>>>
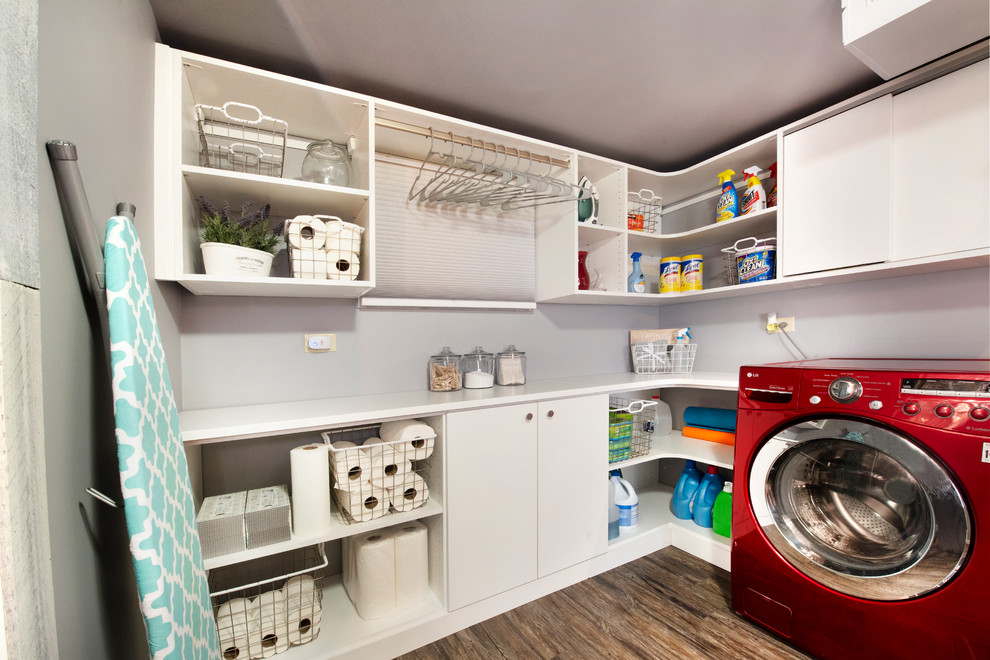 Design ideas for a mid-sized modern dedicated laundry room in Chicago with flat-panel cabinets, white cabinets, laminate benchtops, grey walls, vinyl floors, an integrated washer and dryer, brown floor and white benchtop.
<<<
>>>
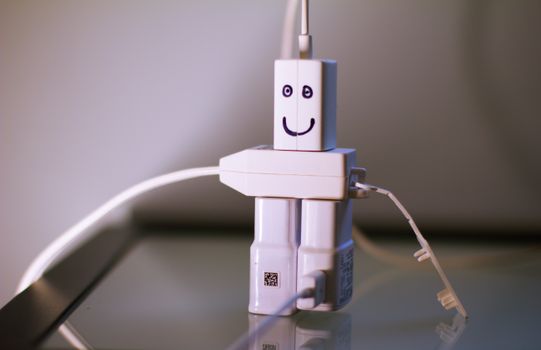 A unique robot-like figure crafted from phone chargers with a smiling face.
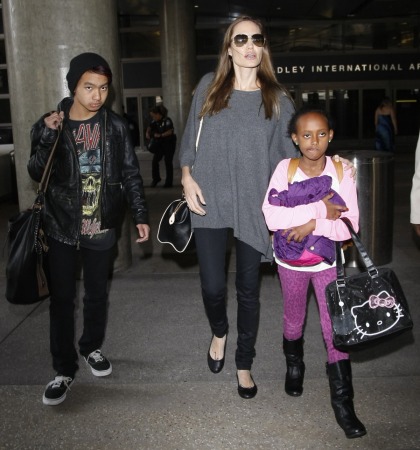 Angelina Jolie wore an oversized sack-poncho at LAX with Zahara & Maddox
<<<
>>>
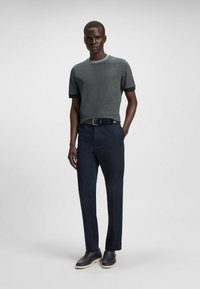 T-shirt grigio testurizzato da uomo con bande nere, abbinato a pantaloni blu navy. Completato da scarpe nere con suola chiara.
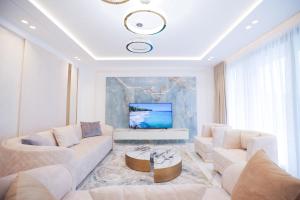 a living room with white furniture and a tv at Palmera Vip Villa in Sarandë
<<<
TASK DETAILS:
Set the pictures aside and transcribe exactly the stretch of lines above, beginning with the one holding "A unique robot-like" and ending with the one holding "Angelina Jolie wore".

OUTPUT OF THE EXERCISE:
 A unique robot-like figure crafted from phone chargers with a smiling face.
 Angelina Jolie wore an oversized sack-poncho at LAX with Zahara & Maddox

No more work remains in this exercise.